As seen above that the CACT5 alloy oxidized catastrophically, notably due to its inability to form a continuous alumina layer, either as a single oxide scale or as an underlying oxide layer. With 5 wt.% more Al, CACT10 succeeded in developing such a continuous alumina scale beneath a continuous CoAl₂O₄ spinel oxide. As for the NACT5 alloy, this double layer of continuous spinel superposed with a continuous alumina scale acted as an efficient barrier against the diffusion of the species involved in the oxidation phenomenon.

Another interesting observation concerns the modification of the subsurface: not only has its chemical composition been logically modified (e.g., gradient in Al concentration), but its microstructure has itself transformed. Indeed, the SEM/BSE micrographs of Figure 15 and Figure 16, as well as the elemental Al map of Figure 15 and the EDS concentration profile of Figure 16, show a disappearance of the Co₃Al part of the matrix over a depth of about 100 µm. In addition to the Al concentration profiles, this evidences an Al diffusion towards the oxidation front. This Al movement allows for forming and maintaining the Al-involving complex oxide and the alumina sublayer, which allows the alloy to oxidize slowly, in a similar way as NACT5.

3.9. Oxide Scale Comparison Between the Three Alloys

The previous surface and cross-sectional observations of the oxide scales can be summarized by separating, on the one hand, the CACT5 alloy, and on the other hand, the NACT5 and CACT10 alloys. CACT5 oxidized rapidly and was finally covered by a thick duplex alumina-free oxide scale in which Co took part much more than Al. In contrast, the NACT5 and CACT10 alloys oxidized more slowly thanks to the formation of a protective scale made of a continuous spinel oxide (either NiAl₂O₄ or CoAl₂O₄) and an innermost continuous Al₂O₃ alumina scale. The oxidized states of the NACT5 and CACT10 alloys are, thus, similar and responsible for their acceptable oxidation behaviors, and both are totally different from the CACT5 alloy’s, which did not benefit from good protection against oxidation.

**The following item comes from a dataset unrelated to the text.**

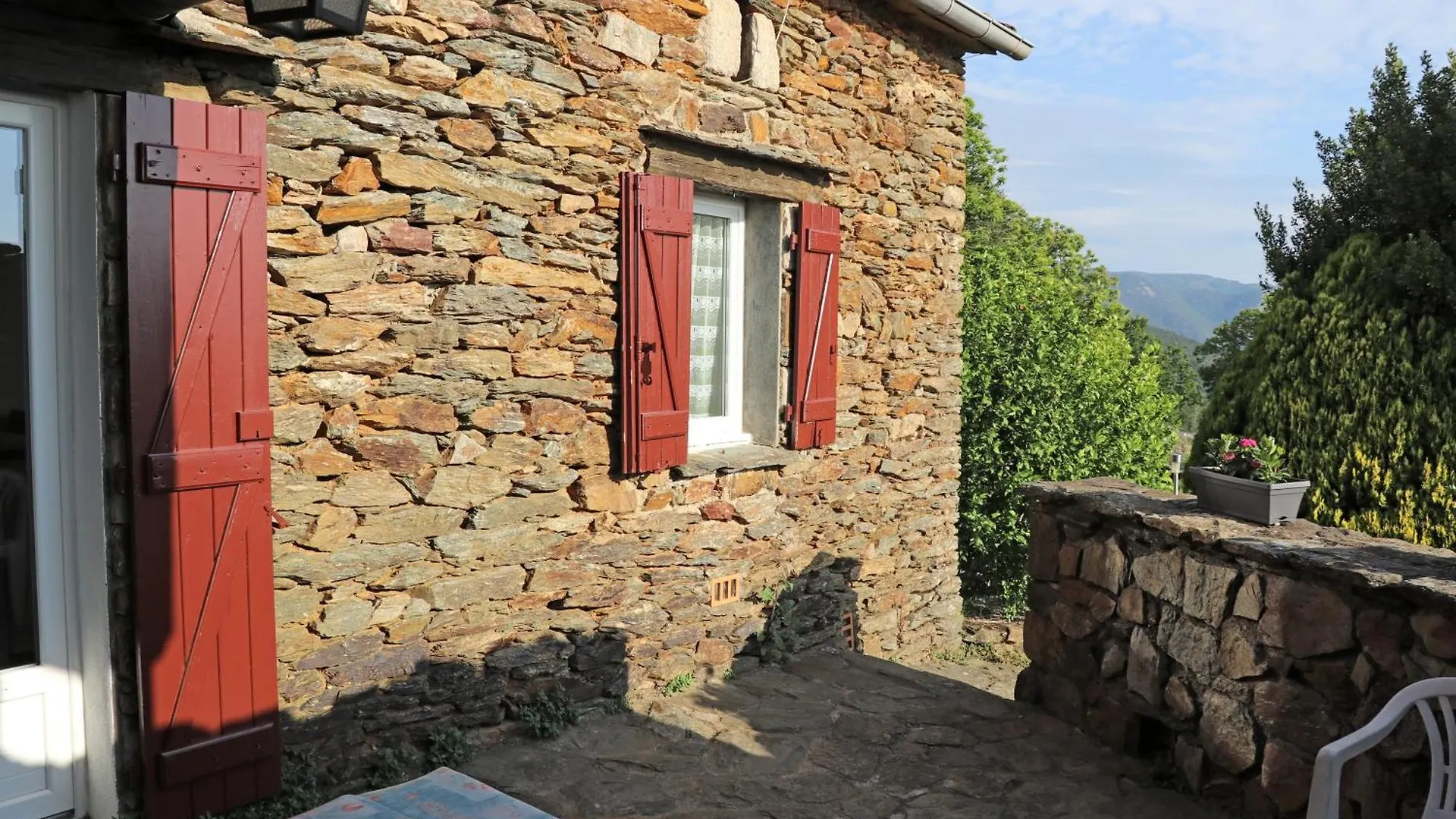 Les Gites Du Mas Lachamp Gravieres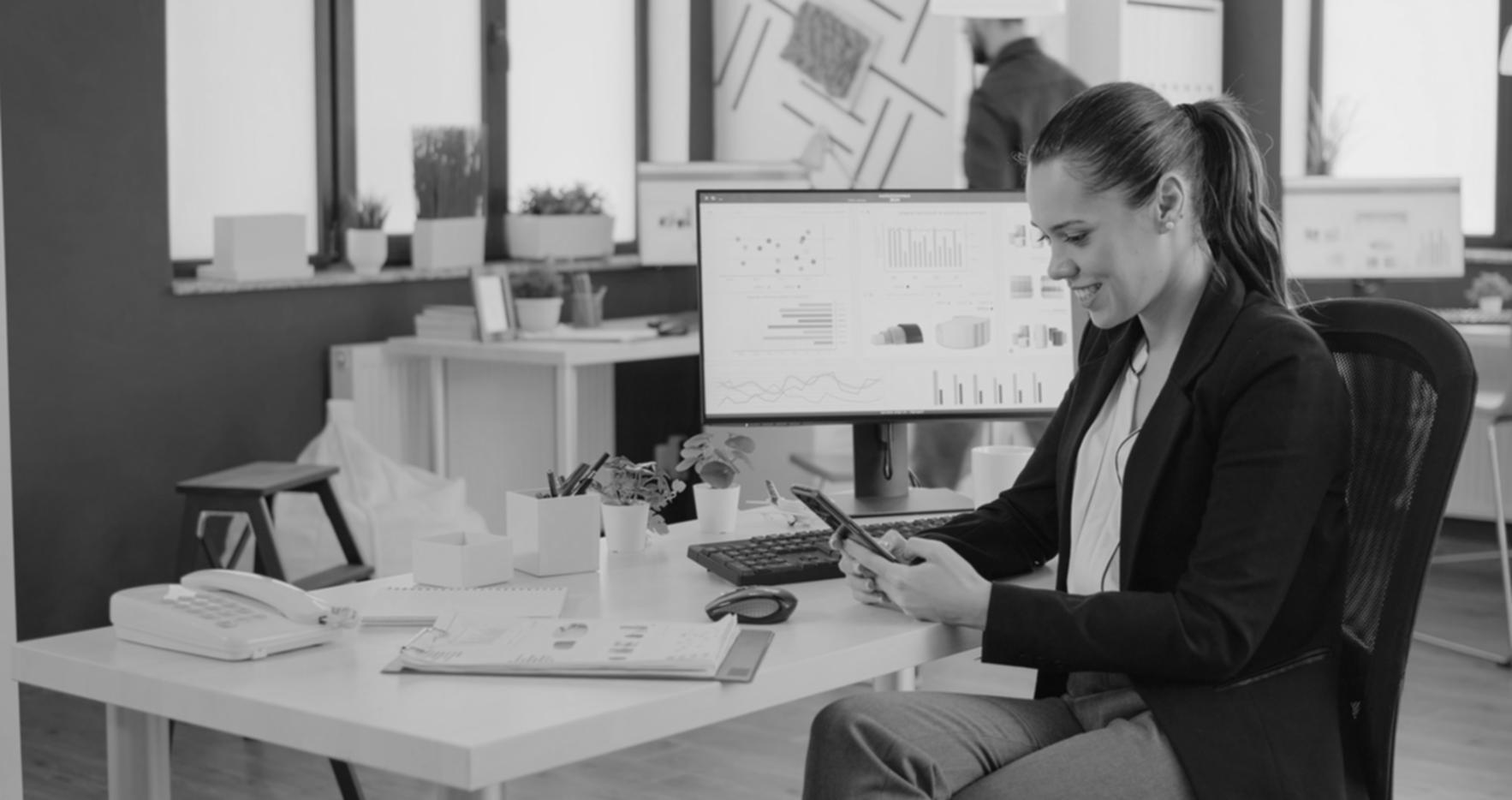 Процесс работы над питч-деком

The transition from catastrophic oxidation (a thick outermost MO scale and a thick innermost complex oxide principally mixing MO and MAl₂O₄ with M=Co or Ni, here observed only for M=O) to an acceptable oxidation resistance (outermost continuous MAl₂O₄ ant innermost continuous Al₂O₃) occurs across a threshold Al content between 5 wt.% and 10 wt.% for a TaC-containing cobalt alloy, while, if it exists, such an Al threshold should be lower than 5 wt.%. As for chromium-containing alloys, this difference is found between the ease of Al diffusion in a nickel matrix compared to that in a cobalt matrix.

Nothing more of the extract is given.